Like a sizable number of law students newly-minted J.D.’s, I studied political science in college. Despite years spent in the discipline, I remain unconvinced that the discipline is, in fact, anything like a science. While political science appropriates scientific methodologies — quantitative analysis, etc. — the vast majority of work done in the name of political science seldom approximates the rigorous process that defines modern science. And when it does — as in, game theory — the results are interesting, but not as valuable today as they were twenty years ago, when mutually assured destruction remained a problem to be avoided, and not an intellectual curio.
The difference between me and congressional Republicans, apparently, is that I don’t think this conclusion deprives the discipline of value.
First, knowledge is valuable for its own sake, or, alternately, need not have an evident goal at its inception to be useful. Many students (like me) enter history classes out of curiosity, or to hear a good story, but the best will leave with an eminently applicable idea of what humanity has tried, and why it worked, or why it failed. Political science is the same way. It may not be a “science,” narrowly construed, but the journey is as important as the destination, to the extent that whether one reaches the destination is largely irrelevant. Students of political science will obtain their degree with, at a minimum:
- A decent understanding of the various political systems available; the reasons and basis of their interactions; and their origins and purposes;
- A grasp of not just the state of modern American politics, but the reasons for its existence;
- An appreciation for the motivations, costs, and reasons for war and warfare, and even, at the higher levels;
- A mathematical model for analyzing complex decisionmaking.

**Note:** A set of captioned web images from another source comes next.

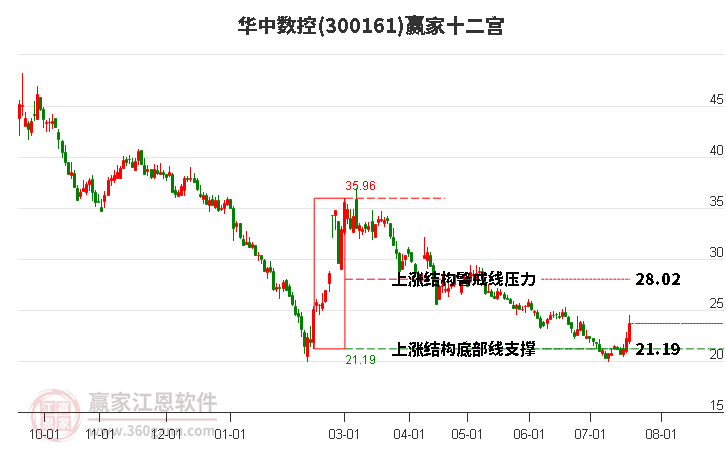 300161华中数控赢家十二宫工具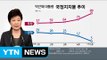 대통령 국정지지도 5%...헌정 사상 최저치 / YTN (Yes! Top News)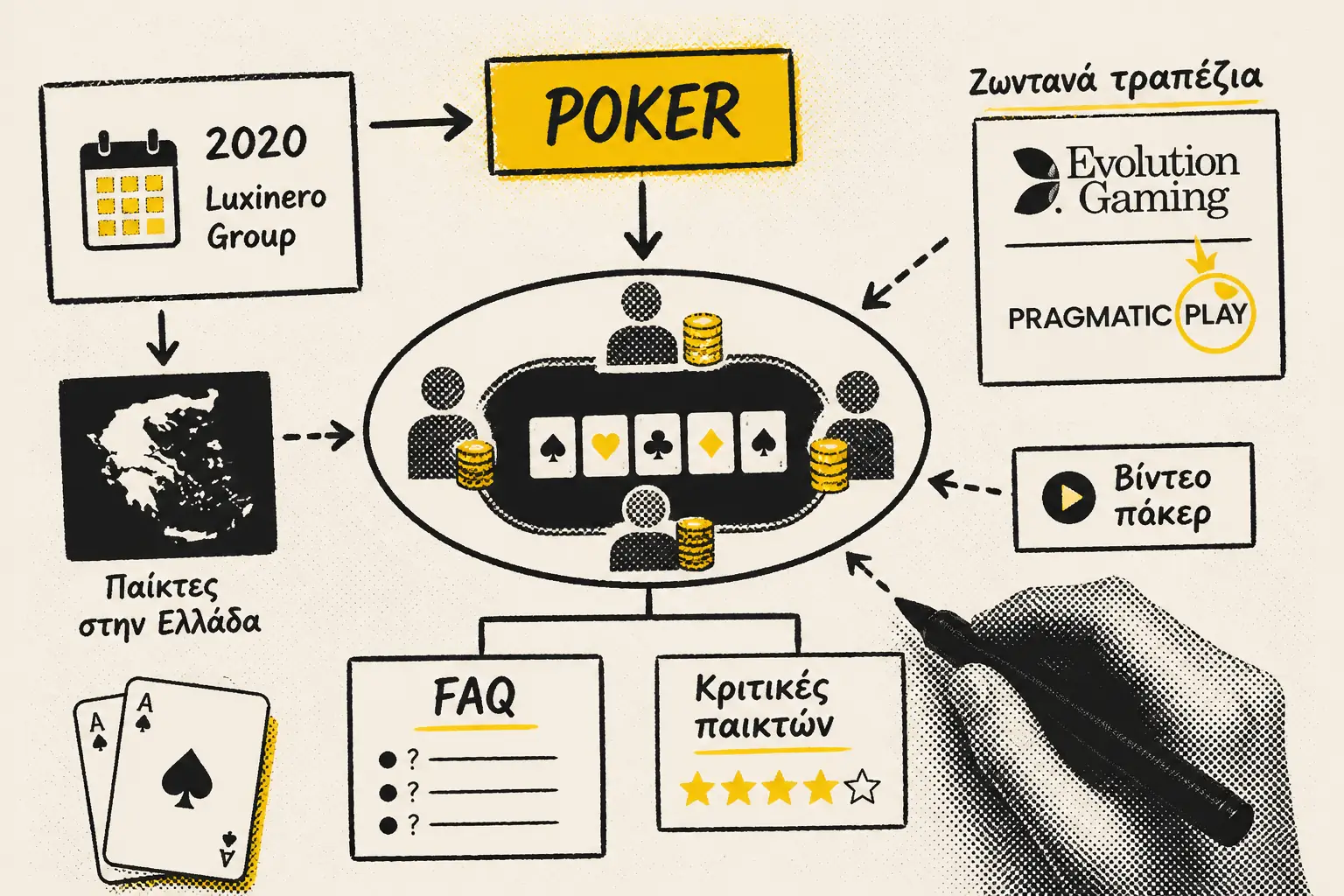 Boomerang Casino Poker visual guide for Boomerang Casino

Lessons like these, and the steps towards them, form the basis for good citizenship. Even a college sophomore, after a political science class, can tell you why we’re nowhere near socialism; why nation-building in Iraq was at best a helluva gamble; why the Republican Party isn’t really the “party of Lincoln”; and why voters find Obama’s story so damn compelling, separate from his politics. And, if they come to the opposite conclusions, at least they’ll be able to give good reasons.
Rep. Coburn (R-OK) notwithstanding, those aren’t lessons that can be found on cable news networks. Today’s cable news networks are the antithesis of nuance. On the other hand, a rigorous study of politics — so expansive as to seem “scientific” — gives its students an appreciation for nuance. Citizenship in a democracy requires that voters appreciate nuance, lest the act of voting devolve into a knee-jerk reaction to whatever one has most recently seen on television.
The problems facing America deserve to be met with logic and a decent respect for history. Political science reminds us of that fact, and for that alone, it remains valuable. Whether it’s a misnomer is quite beside the point.